1 commentaire Donnez votre avis
  1. Bonjour
    Vous ne dites pas que de toute façon, les composants des panneaux « européens » sont majoritairement chinois.

    D’autre part, je trouve votre « logique environnementale » très étrange. Le problème serait selon vous le manque de matériel qui restreindrait l’équipement des particuliers, institutions et entreprises européens ? Ce ne serait pas plutôt la demande qui freine la production, (donc l’argent à investir), et pas par exemple le manque de ressources nécessaires à la construction des panneaux, ou la main d’œuvre compétente, etc.
    Et puis, L’énergie grise du transport participe-t-elle de cette « logique » ?

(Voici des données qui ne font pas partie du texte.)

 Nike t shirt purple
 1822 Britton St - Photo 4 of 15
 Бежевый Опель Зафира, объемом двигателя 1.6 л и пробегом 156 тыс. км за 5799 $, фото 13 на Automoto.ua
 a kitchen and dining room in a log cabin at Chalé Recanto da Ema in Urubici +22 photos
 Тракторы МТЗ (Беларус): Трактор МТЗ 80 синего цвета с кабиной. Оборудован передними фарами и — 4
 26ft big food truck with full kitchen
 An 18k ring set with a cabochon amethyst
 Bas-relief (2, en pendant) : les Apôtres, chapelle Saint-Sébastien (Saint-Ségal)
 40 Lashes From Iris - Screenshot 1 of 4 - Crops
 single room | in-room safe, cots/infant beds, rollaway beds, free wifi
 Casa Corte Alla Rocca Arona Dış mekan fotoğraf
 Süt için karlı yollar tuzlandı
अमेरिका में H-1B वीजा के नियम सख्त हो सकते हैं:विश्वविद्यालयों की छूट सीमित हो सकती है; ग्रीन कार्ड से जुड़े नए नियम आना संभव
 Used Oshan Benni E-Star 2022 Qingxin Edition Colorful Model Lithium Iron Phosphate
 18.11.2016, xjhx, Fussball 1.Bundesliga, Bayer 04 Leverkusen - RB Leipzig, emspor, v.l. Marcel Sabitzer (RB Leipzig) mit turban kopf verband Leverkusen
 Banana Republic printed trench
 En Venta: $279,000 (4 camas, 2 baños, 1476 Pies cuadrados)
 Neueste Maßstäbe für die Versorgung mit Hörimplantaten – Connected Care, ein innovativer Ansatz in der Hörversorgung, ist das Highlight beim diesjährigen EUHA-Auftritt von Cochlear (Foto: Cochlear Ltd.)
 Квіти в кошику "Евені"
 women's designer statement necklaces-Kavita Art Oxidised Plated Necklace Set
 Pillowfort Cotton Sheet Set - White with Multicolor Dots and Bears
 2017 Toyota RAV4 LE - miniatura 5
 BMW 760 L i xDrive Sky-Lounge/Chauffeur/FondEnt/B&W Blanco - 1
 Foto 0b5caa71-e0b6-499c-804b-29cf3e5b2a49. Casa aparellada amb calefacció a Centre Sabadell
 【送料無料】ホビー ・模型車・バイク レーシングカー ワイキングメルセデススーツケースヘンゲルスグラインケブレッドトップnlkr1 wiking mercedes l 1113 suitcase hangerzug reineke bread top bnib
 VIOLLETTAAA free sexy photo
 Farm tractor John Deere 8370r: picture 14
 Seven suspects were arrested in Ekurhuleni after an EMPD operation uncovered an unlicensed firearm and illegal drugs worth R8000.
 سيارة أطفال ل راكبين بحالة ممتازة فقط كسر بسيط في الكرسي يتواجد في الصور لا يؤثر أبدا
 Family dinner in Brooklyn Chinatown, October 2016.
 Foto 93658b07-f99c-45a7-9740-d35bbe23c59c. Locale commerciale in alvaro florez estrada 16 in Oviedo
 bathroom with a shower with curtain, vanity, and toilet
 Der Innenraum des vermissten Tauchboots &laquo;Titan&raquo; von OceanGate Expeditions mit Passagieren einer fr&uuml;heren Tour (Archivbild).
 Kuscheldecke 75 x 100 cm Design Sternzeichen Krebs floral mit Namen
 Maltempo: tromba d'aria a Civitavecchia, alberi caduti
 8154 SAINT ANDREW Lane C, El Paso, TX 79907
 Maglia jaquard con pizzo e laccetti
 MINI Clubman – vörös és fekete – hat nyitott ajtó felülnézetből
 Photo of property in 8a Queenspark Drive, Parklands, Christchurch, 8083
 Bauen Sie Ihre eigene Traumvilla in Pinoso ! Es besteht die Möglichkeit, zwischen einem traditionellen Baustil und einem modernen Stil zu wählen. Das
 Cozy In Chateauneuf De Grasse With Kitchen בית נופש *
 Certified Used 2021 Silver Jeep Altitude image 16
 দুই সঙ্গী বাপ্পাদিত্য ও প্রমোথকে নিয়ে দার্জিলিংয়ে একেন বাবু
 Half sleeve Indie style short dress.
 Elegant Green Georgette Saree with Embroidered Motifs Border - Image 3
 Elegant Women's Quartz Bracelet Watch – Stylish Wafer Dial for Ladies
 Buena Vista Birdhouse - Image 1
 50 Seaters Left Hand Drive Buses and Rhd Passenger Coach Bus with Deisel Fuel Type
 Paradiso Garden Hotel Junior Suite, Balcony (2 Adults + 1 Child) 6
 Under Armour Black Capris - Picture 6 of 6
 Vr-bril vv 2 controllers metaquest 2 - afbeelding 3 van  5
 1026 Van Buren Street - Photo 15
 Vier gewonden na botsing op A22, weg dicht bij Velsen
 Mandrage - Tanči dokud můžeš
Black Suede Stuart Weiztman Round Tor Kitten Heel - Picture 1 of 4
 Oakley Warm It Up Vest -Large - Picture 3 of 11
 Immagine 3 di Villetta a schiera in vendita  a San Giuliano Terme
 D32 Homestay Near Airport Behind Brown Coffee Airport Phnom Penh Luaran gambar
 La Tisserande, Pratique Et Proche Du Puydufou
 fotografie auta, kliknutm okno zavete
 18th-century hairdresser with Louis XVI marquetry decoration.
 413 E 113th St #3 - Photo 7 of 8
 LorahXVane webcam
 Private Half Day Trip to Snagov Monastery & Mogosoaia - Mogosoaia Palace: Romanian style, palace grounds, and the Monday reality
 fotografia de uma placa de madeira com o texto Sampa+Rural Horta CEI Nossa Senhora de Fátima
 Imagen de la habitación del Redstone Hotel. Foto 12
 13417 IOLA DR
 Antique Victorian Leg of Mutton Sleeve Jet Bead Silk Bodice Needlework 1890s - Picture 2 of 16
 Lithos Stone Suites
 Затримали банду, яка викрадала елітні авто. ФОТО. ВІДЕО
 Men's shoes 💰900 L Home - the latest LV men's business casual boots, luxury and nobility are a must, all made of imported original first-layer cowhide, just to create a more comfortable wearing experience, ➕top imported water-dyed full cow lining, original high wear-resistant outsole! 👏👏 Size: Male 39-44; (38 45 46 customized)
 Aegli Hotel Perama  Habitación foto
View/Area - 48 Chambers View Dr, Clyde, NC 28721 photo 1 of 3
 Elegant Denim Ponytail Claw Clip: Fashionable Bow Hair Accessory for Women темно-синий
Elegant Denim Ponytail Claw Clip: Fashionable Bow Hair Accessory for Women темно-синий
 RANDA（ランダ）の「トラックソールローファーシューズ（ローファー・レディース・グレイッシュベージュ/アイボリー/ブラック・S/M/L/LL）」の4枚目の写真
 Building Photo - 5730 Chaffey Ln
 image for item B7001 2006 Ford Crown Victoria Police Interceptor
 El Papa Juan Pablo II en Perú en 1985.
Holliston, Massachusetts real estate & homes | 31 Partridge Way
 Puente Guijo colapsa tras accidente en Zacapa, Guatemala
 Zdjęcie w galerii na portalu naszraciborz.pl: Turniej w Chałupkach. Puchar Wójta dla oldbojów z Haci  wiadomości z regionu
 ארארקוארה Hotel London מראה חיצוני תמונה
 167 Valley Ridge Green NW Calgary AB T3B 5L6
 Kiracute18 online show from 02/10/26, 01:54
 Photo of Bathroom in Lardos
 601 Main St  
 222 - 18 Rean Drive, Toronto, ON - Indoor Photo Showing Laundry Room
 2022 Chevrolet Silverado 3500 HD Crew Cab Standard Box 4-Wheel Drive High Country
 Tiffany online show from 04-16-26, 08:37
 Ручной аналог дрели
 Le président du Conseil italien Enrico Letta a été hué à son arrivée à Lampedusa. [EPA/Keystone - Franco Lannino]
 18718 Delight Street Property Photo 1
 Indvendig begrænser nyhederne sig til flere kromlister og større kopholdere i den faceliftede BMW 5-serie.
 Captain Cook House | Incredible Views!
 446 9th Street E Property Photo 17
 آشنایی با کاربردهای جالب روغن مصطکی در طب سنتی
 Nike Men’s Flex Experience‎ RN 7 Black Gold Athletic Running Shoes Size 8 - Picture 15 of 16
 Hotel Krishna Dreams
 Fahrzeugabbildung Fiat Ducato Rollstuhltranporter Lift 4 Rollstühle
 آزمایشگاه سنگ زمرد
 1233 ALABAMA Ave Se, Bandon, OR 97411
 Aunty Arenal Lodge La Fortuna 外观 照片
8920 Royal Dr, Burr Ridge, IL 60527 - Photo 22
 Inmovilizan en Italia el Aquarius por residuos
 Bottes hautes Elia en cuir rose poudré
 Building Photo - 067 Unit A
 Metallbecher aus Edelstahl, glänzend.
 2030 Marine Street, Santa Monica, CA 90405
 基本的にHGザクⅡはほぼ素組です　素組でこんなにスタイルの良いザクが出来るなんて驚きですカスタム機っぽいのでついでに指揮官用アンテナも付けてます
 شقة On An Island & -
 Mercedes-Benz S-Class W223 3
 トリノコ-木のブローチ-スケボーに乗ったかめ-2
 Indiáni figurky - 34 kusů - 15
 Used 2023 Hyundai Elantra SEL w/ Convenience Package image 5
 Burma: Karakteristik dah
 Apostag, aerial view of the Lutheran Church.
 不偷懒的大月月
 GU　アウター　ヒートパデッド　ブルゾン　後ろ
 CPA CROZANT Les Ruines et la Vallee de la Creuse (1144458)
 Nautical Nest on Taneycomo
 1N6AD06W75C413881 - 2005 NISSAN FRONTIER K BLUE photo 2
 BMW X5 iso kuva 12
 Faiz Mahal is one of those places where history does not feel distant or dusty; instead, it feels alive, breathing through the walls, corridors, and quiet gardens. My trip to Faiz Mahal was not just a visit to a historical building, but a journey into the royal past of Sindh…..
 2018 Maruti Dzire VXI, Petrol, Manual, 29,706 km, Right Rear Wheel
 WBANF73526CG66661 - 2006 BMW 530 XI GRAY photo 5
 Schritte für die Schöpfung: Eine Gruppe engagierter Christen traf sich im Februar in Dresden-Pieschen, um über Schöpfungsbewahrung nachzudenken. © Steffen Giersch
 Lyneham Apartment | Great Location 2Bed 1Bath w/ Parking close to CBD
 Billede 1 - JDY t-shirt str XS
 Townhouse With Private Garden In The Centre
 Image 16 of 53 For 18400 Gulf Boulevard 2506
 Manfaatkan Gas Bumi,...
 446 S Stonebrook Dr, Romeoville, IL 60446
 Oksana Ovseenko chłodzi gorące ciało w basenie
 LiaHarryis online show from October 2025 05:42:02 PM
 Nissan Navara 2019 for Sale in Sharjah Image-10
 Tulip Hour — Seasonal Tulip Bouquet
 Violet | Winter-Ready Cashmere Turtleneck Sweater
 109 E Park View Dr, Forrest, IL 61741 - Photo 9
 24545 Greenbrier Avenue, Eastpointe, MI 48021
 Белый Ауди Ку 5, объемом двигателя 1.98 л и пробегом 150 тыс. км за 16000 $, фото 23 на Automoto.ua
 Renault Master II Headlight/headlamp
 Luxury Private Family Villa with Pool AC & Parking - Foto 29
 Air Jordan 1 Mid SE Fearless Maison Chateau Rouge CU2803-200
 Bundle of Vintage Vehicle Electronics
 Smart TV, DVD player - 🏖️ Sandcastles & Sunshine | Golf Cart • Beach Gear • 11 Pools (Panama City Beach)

    Autre chose, vous écrivez « s’agissant des panneaux photovoltaïques, la Chine a un excédent de production de 30 gigawatts par an ». Qu’est-ce que vous entendez par excédent de production ?
    Et l’UE qui produit 7 gigawatts… Parlez vous de la puissance max des panneaux produits ? Du parc de panneaux installés ? Parce que produire 7 gigawatts d’électricité, ça ne veut rien dire. Des gigawatts-heure, d’accord, mais sinon…

    Bref, soit c’est moi qui ne comprend rien à rien, soit votre article est à revoir…

    Sincères salutations.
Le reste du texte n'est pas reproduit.